A descoberta de um plano do PCC para matar o senador Sérgio Moro e o promotor Lincoln Gakya, entre outros agentes públicos, fará barulho nesta quarta-feira, com pronunciamentos duros, debates e ideias de projetos para endurecer o combate ao crime. Tudo se justifica pela gravidade do crime frustrado pela Polícia Federal com prisões e apreensão ainda em curso. Mas é pouco.

Deixando de lado o calor e indo à luz: há anos o Brasil assiste quase passivamente ao crescimento do crime organizado, sua expansão para diversas atividades e sua penetração no Estado e na política. É o caminho que foi feito pela Máfia na Itália, por exemplo.

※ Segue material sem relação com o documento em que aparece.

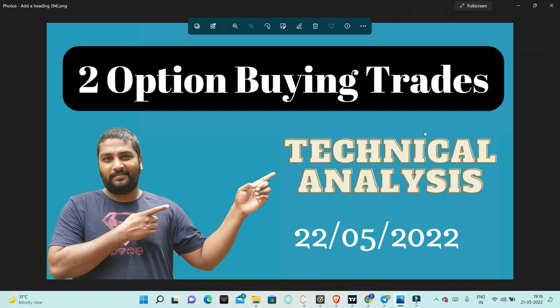Friends, we will discuss two options buying trades today. We will discuss the two options on Monday morning. I will discuss the two analysis in this video.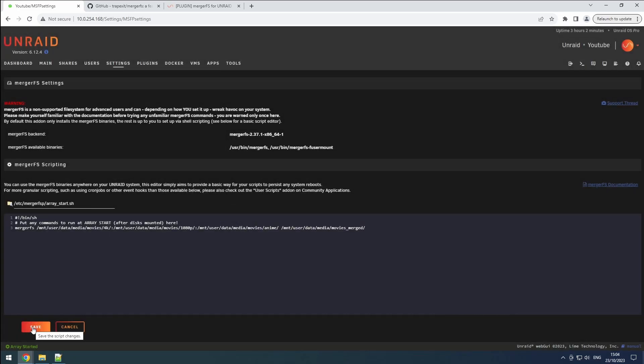And remember, you can combine any folder you want. But as a final warning, please read the documentation carefully before you start making changes. Thanks for watching.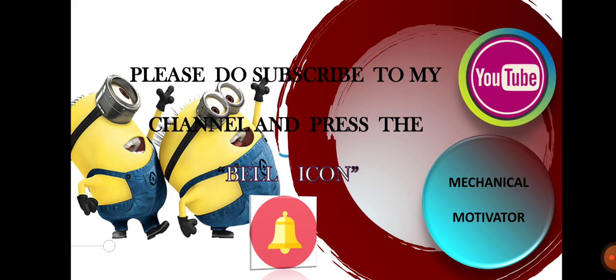We will be bringing all job opportunities to your doorstep. Stay tuned with Mechanical Motivator.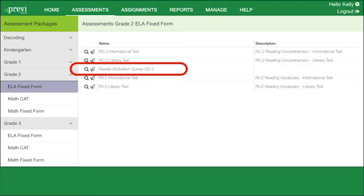The Reader Motivation Survey addresses a third of these important parts: reader and task considerations. While the prior two elements of the model focused on inherent complexity of text, variables specific to particular readers, such as motivation, knowledge, and experience, and to particular tasks, such as the purpose and the complexity of tasks assigned and the questions posed, must be considered when determining whether a text is appropriate for a given student.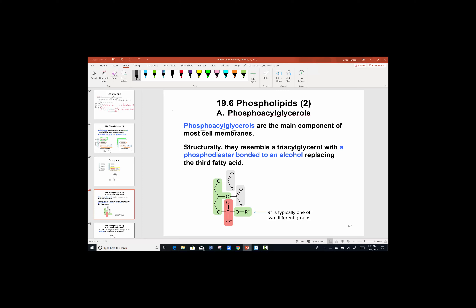Structurally, phosphoacylglycerols resemble triacylglycerols, but instead they have a phosphodiester bond to the alcohol. 'Phospho' refers to the PO4 group. 'Diester' means there are two ester linkages, but the linkage attaches to phosphorus instead of a carbon as it would in a fatty acid.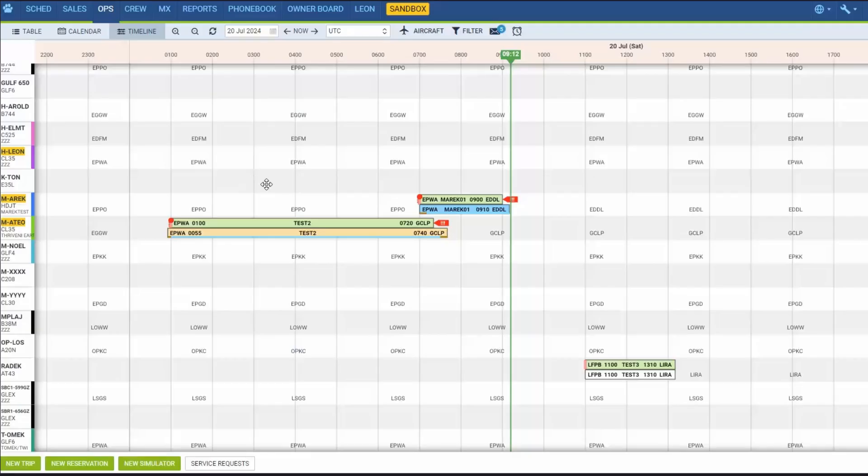In today's video, we will focus on one of three views of LEON, the timeline view.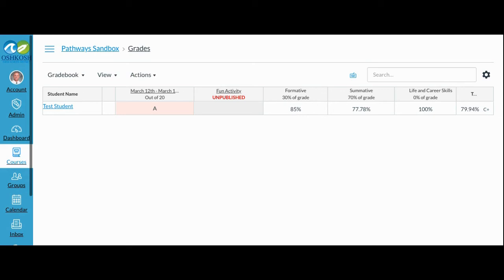Do you have any questions about your assignment categories? If you do, see your Technology Integration Coach or your Curricular IST. I hope this video helped you learn more about assignment categories. Thank you for watching.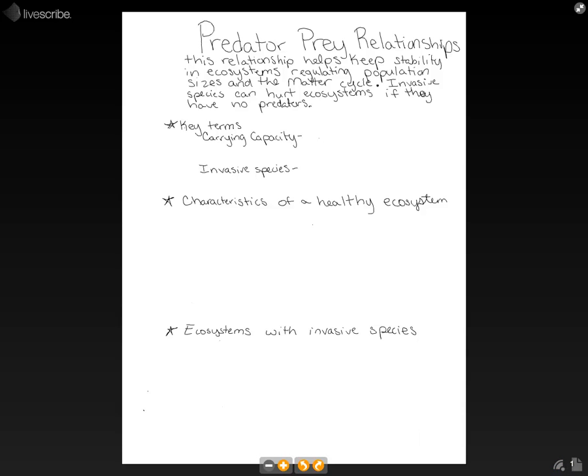This video is about predator-prey relationships and how they can affect an environment or ecosystem. This relationship helps keep stability in ecosystems, regulating population sizes and the matter cycle. Invasive species can hurt ecosystems if they have no predators.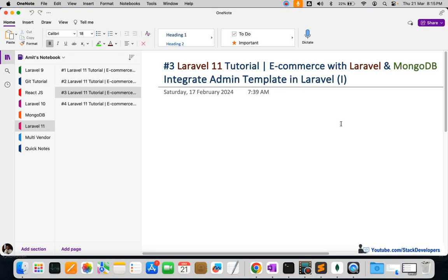Hello everyone, we're going to part 3 of the Laravel 11 series, in which we are building an e-commerce website with Laravel and MongoDB. In this video we are going to start integrating the admin panel — we are going to download the AdminLTE template and start integrating the admin panel for our Laravel e-commerce website.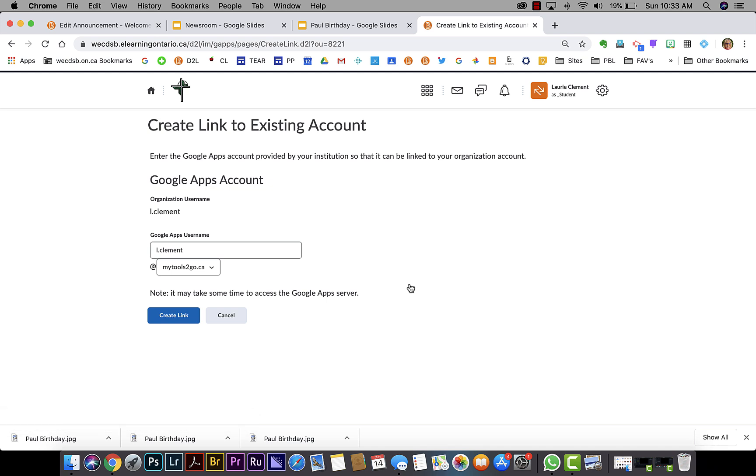And that will allow you to directly link your assignments without having to download a completed task and re-upload it to the course. It is optional, but will definitely save steps along the way.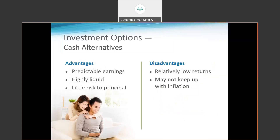The advantages of investing in cash alternatives are evident: you receive reliable, predictable earnings like interest and an easily tapped source of funds with little risk to principal. The big trade-off, though, is that the return is relatively low compared to other investment options. In fact, the possibility exists that the return on these investments will not be sufficient to keep up with inflation — if that's the case, you'll actually lose purchasing power over time.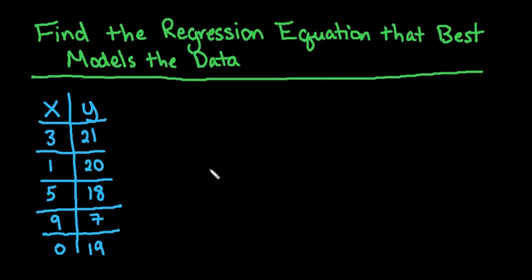Hi! For this video, we're going to find the regression equation that best models the data. I already know which model is the best, but I want to show you what to do in case you don't know which model is best.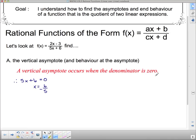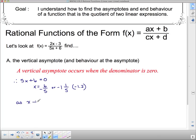Now we look at the behavior at that asymptote — we have to let x get close to it. The asymptote is at negative 1 and 1/5, which is easier to think of as negative 1.2. So we think of numbers very close to negative 1.2. As x approaches negative 1.2 from the left, we sub in a number just a little smaller, like f(−1.25).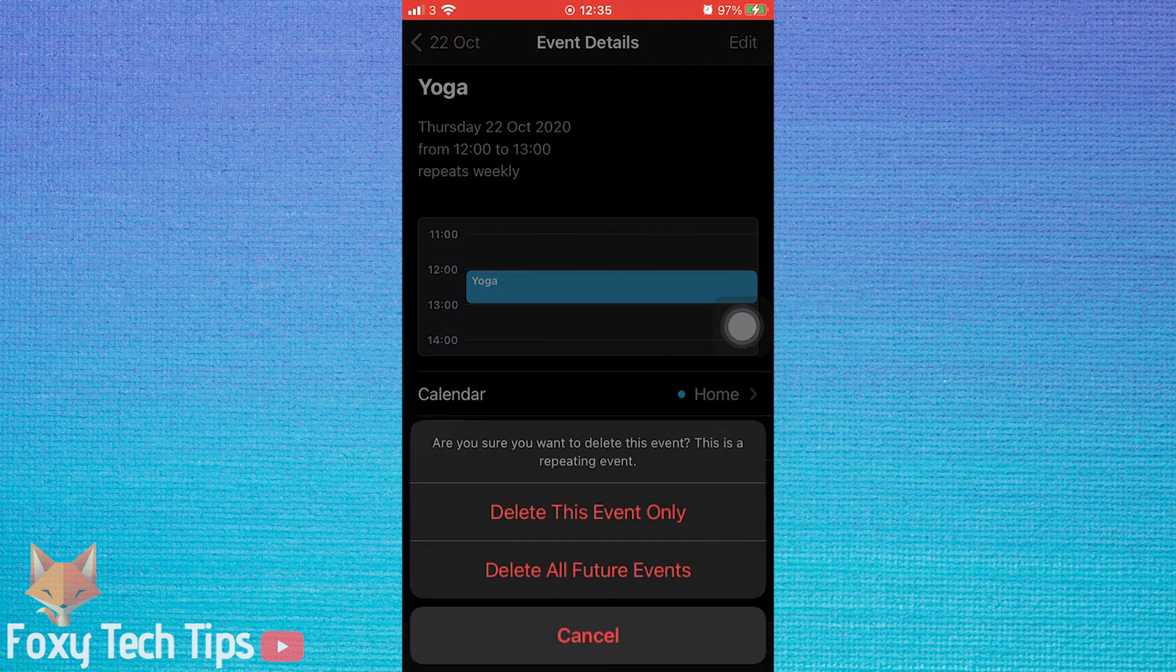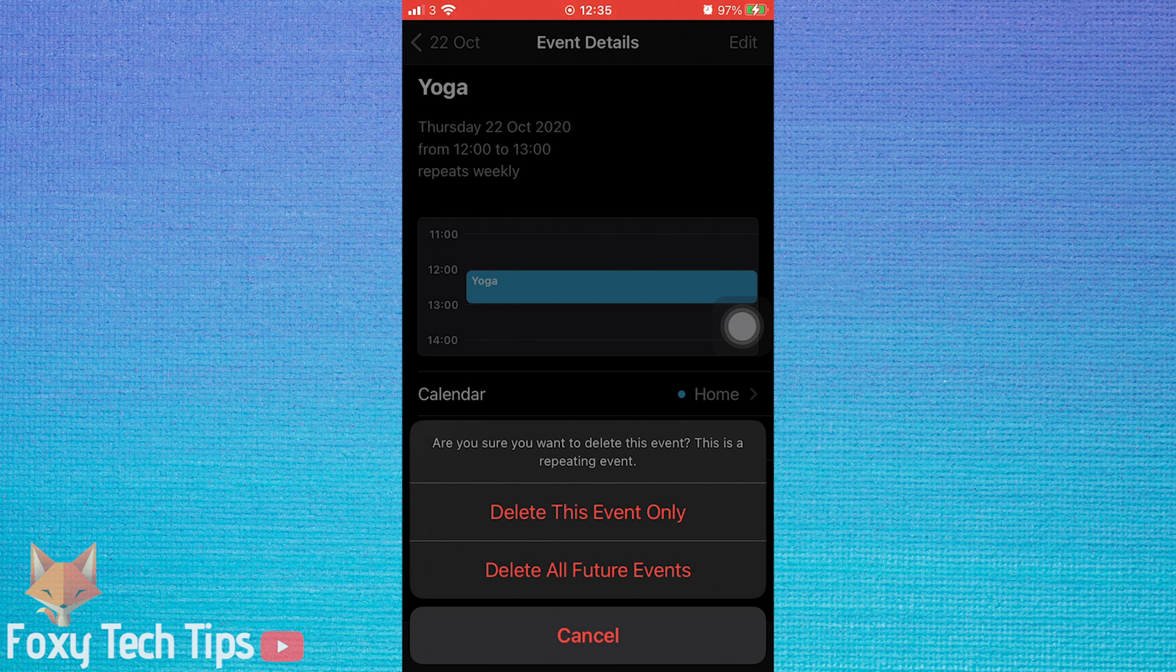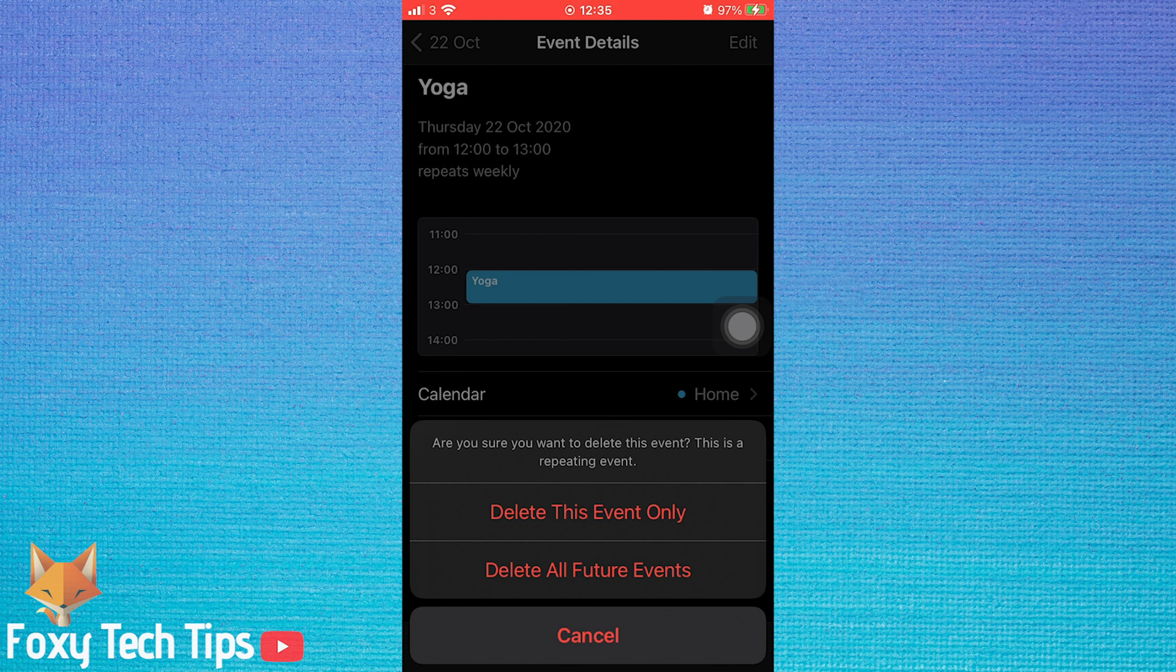If the event is a recurring event, then a popup will appear asking if you want to delete all future events or just this single occurrence. If you do wish to delete all of the future events like this one, then select delete all future events.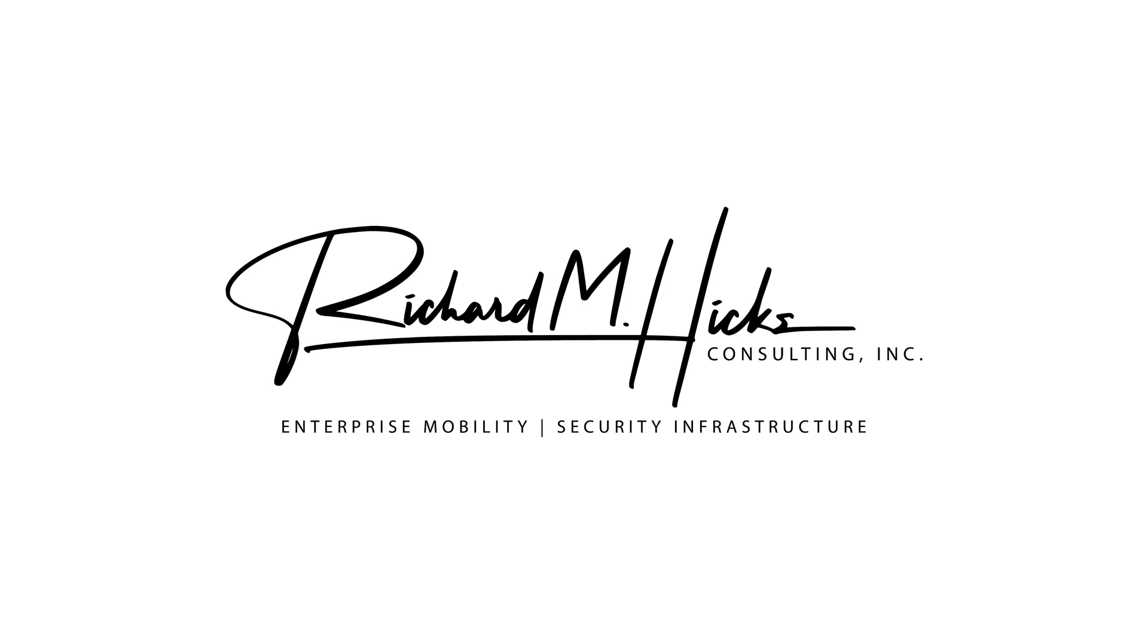Hi, this is Richard Hicks, Founder and Principal Consultant at Richard M Hicks Consulting, where we specialize in enterprise mobility and security infrastructure. We provide consulting services for secure remote access and public key infrastructure projects for organizations worldwide.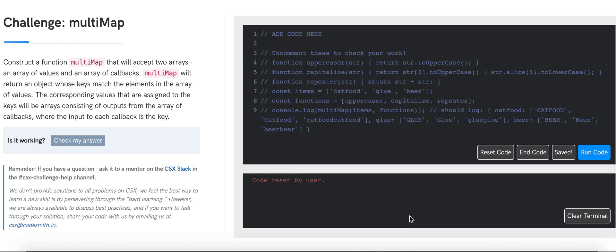Welcome everyone! Today we will be solving Multimap from CSX. Construct a function Multimap that will accept two arrays — an array of values and an array of callbacks. Multimap will return an object whose keys match the elements in the array of values. The corresponding values assigned to the keys will be arrays consisting of outputs from the array of callbacks, where the input to each callback is the key.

Faça um esforço de memória: você ouviu falar em “combate ao crime organizado” na campanha do ano passado? Já ouviu um candidato ou autoridade tocar no assunto? Provavelmente a resposta será negativa. Há tempos o crime organizado deixou de ser apenas um problema de segurança pública. Deveria ser tratado como um tema institucional, uma ameaça à democracia.

A Polícia Federal descobriu que a maior facção criminosa do país pretendia matar as autoridades por terem transferido seus maiores líderes de presídio – ato de Moro que dificulta comunicação e, portanto, a gestão – e por seu trabalho de investigação – que causa prejuízos, e é o caso do promotor Gakya, maior autoridade em PCC no país.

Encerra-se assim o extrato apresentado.